In short, the study shows that marketers from companies with significant market-share gains are far less likely to have M.B.A.s than those from companies posting significant share losses. Further, the study shows that marketing executives from underperforming companies were twice as likely to have been recruited out of M.B.A. programs than marketing executives from out-performing companies.
The article is worth a read, and here are a few more highlights (as quoted or as summarized from the article):

  • In underperforming companies 90% of executives had MBA degrees vs. 55% in outperforming companies.
  • The out-performers in the survey got about a fifth of their marketing executives from undergraduate programs and another fifth from advertising or marketing agencies or other industry vendors. None of the executives from underperformers had been recruited as undergrads and only 5% came from agencies or suppliers.
  • Out-performers averaged one marketing executive for every $37.9 million in sales, compared to one for every $28.5 million in sales at the underperformers. Staffing levels were also higher at companies with a high level of marketing outsourcing.
  • Out-performers in the survey placed a much higher value on personal and professional development once they hire people. The survey showed the share winners far more likely than the losers to support attendance at industry conferences and seminars, involvement in industry associations and peer-share groups, internal training groups, formal mentoring programs and graduate-level seminars.

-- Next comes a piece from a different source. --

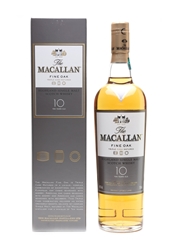 Macallan 10 Year Old Fine Oak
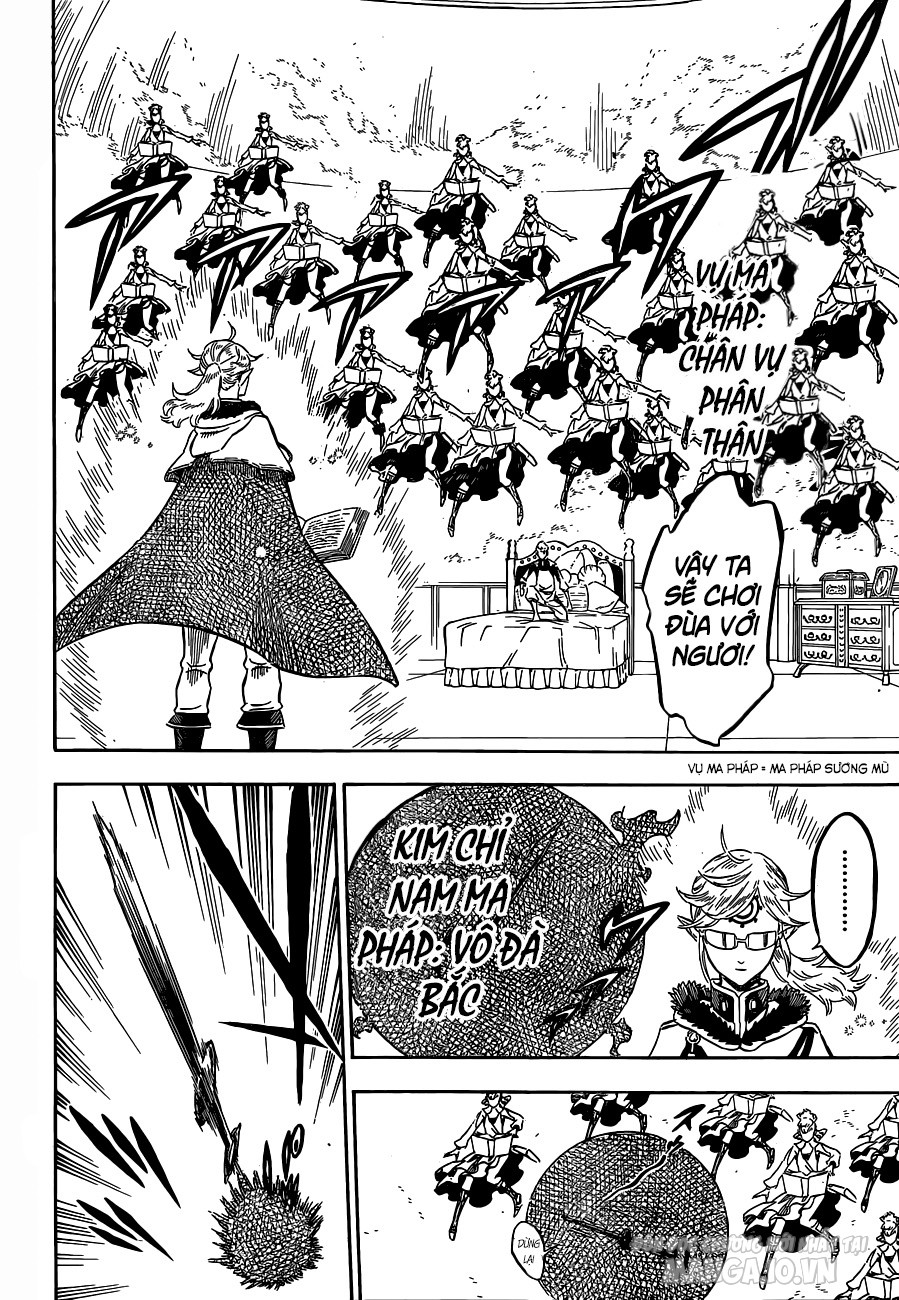 Black Clover – Thế Giới Phép Thuật Chapter 174 - Trang 2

    In a consumer driven society, we need people who understand business and think like customers – people who understand how to create comprehensive, measurable user experiences that drive solid results. The article indicates there's a strong benefit in hiring individuals with practical, hands-on experience and maturity... especially in competitive markets. However, as product commoditization places an increasing emphasis on the comprehensive customer experience, there's also increasing demand for individuals with new skillsets; individuals who understand cross-channel experience management, integrated marketing, interaction design, usability, cultural ethnography, analytics and more.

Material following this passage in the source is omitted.